(Beginning of Available records)

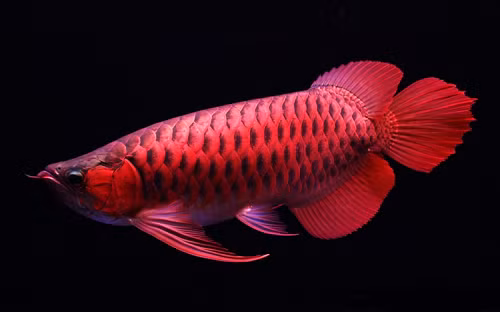 Ngoài cá rồng, chủ nhân cũng phải nuôi kèm nhiều loại cá khác cho sinh động. Trong đó không thể thiếu bộ ba tam tài, gồm: cá rồng, cá hổ và cá sam. Cá rồng ở tầng nước cao và luôn giành vị trí độc tôn, cá sam ở tầng nước đáy còn cá hổ ở tầng giữa. Dân chơi cá gọi bộ ba này là Long Hổ Sam và chi phí để sở hữu bộ ba này cũng ngót nghét tiền trăm triệu.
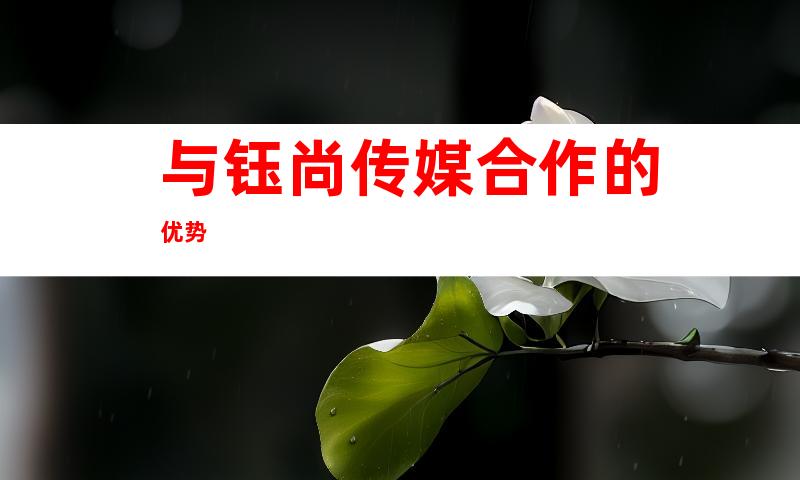 与钰尚传媒合作的优势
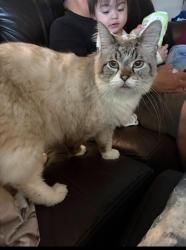 Lost Male Cat last seen Berkley road auburndale fl , Auburndale, FL 33823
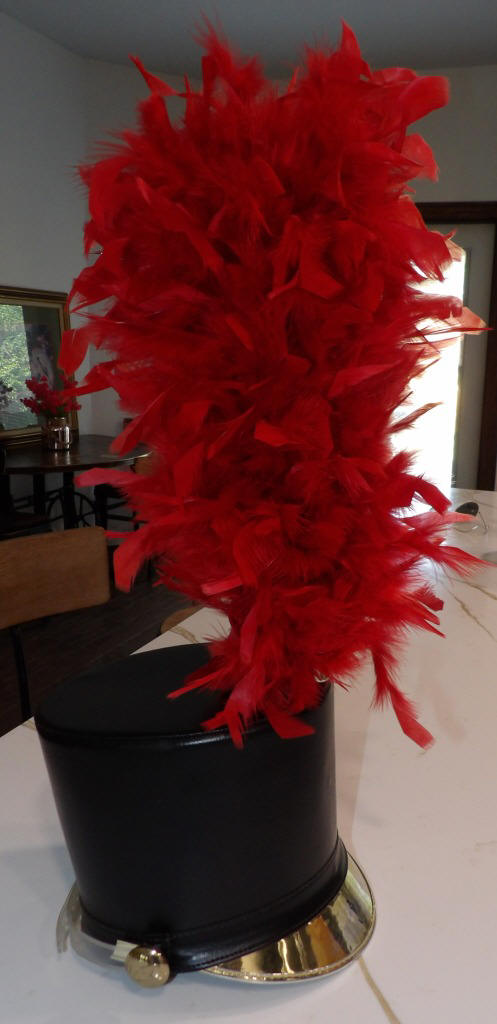Set of 100+ 18" Red Plumes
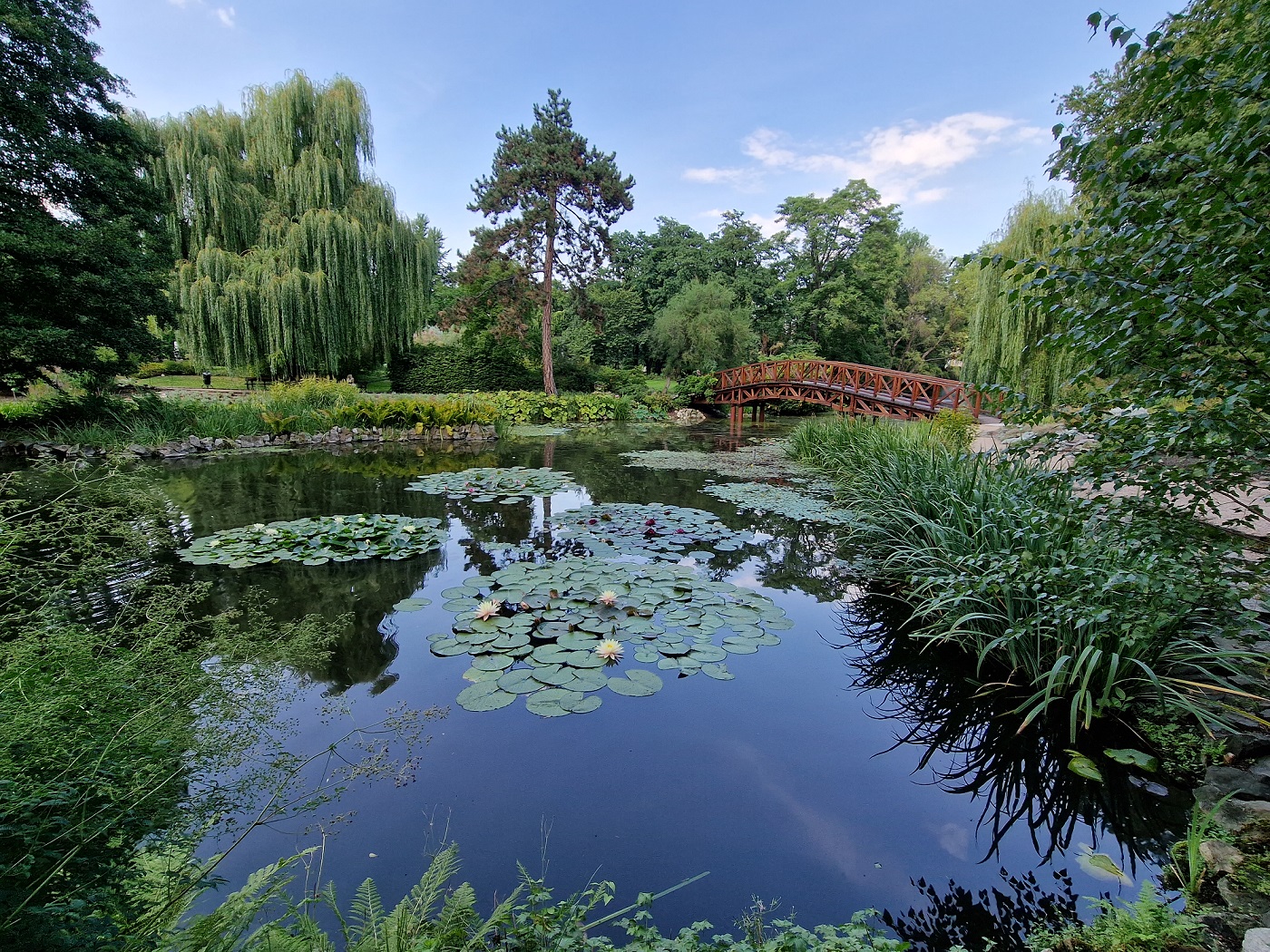 ogród botaniczny wrocław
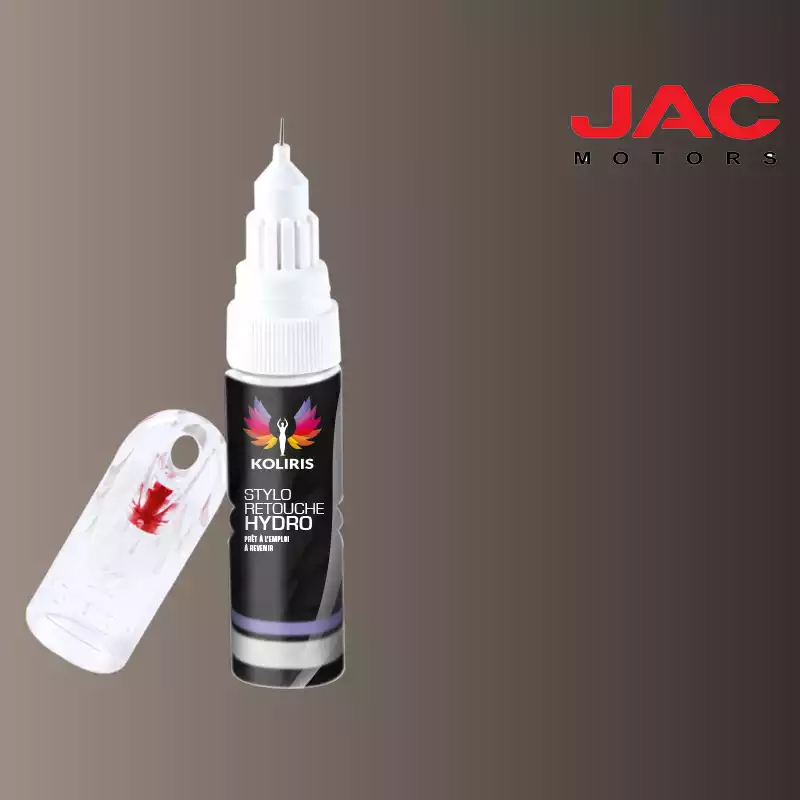 Stylo retouche peinture utilitaire Jac Motors 20ml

(End of Available records)

## Work task:
Above are the records; return them exactly, minus the pictures.

## Written solution:
 Ngoài cá rồng, chủ nhân cũng phải nuôi kèm nhiều loại cá khác cho sinh động. Trong đó không thể thiếu bộ ba tam tài, gồm: cá rồng, cá hổ và cá sam. Cá rồng ở tầng nước cao và luôn giành vị trí độc tôn, cá sam ở tầng nước đáy còn cá hổ ở tầng giữa. Dân chơi cá gọi bộ ba này là Long Hổ Sam và chi phí để sở hữu bộ ba này cũng ngót nghét tiền trăm triệu.
 与钰尚传媒合作的优势
 Lost Male Cat last seen Berkley road auburndale fl , Auburndale, FL 33823
Set of 100+ 18" Red Plumes
 ogród botaniczny wrocław
 Stylo retouche peinture utilitaire Jac Motors 20ml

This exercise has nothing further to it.